====== PROVIDED RECORDS ======

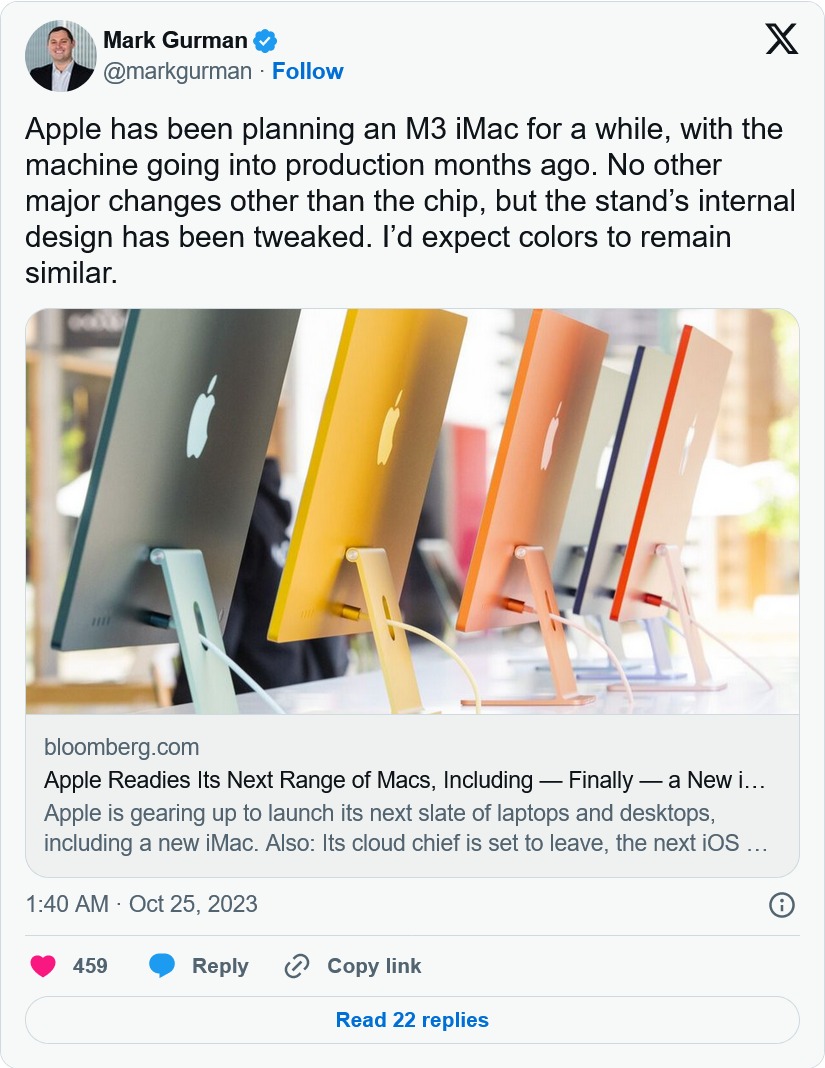 蘋果10月發表會預計發佈下一代iMac，所用晶片、支架和顏色細節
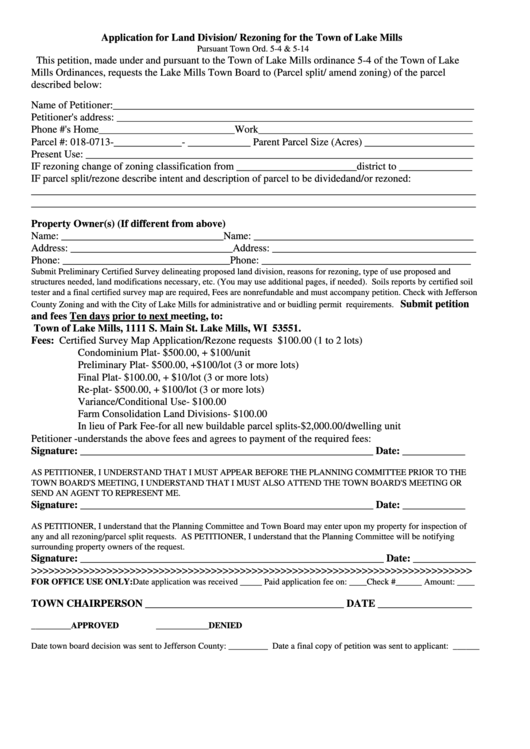 Application For Land Division/ Rezoning Form printable pdf download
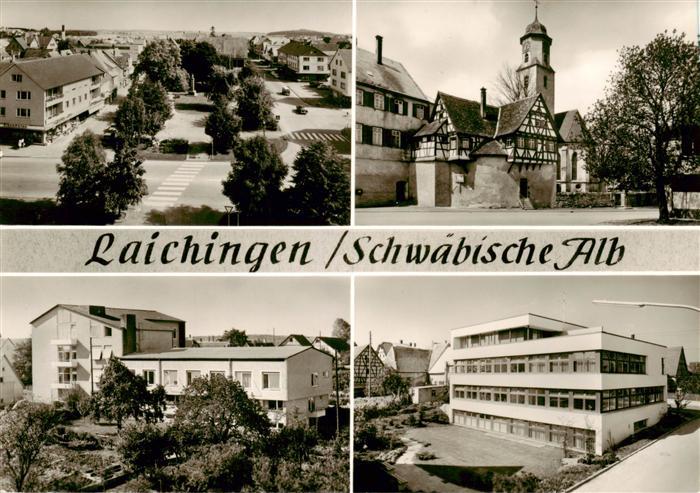 Laichingen Ortsansichten Schule Rathaus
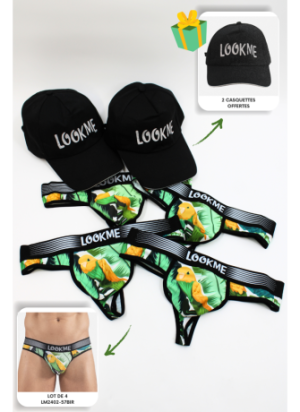 Pack 4 Strings Homme LM2402-57BIR LOOKME + 2 Casquettes Offertes
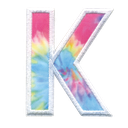 K Initial Tie Dye Sticker Patch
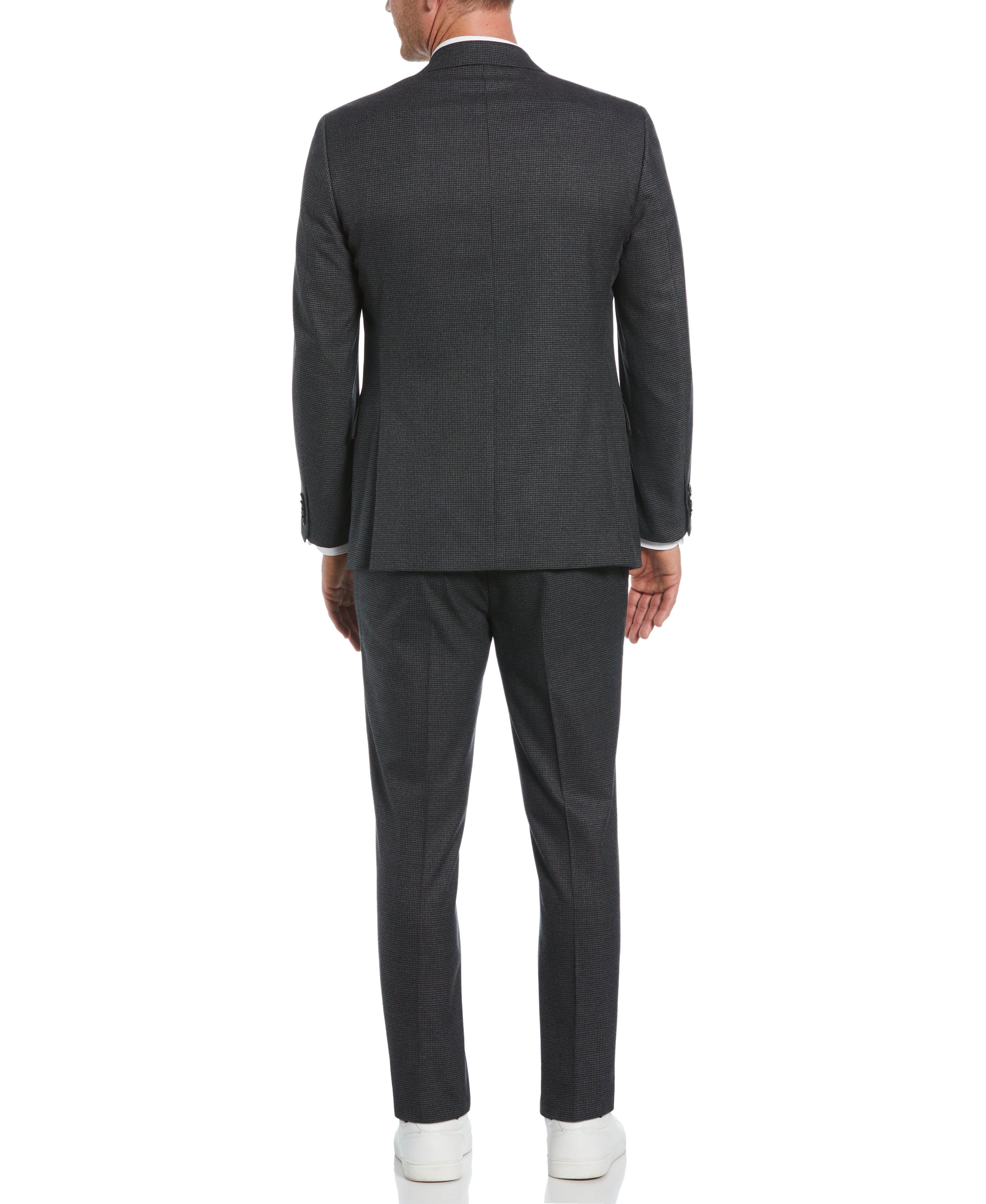 Slim Fit Notch Lapel Houndstooth Suit Jacket - Image 6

======

### WHAT YOU WILL DO:
What is needed is every record above, returned exactly, with the pictures omitted.

### SOLUTION FOR THIS PROBLEM:
 蘋果10月發表會預計發佈下一代iMac，所用晶片、支架和顏色細節
 Application For Land Division/ Rezoning Form printable pdf download
 Laichingen Ortsansichten Schule Rathaus
 Pack 4 Strings Homme LM2402-57BIR LOOKME + 2 Casquettes Offertes
 K Initial Tie Dye Sticker Patch
 Slim Fit Notch Lapel Houndstooth Suit Jacket - Image 6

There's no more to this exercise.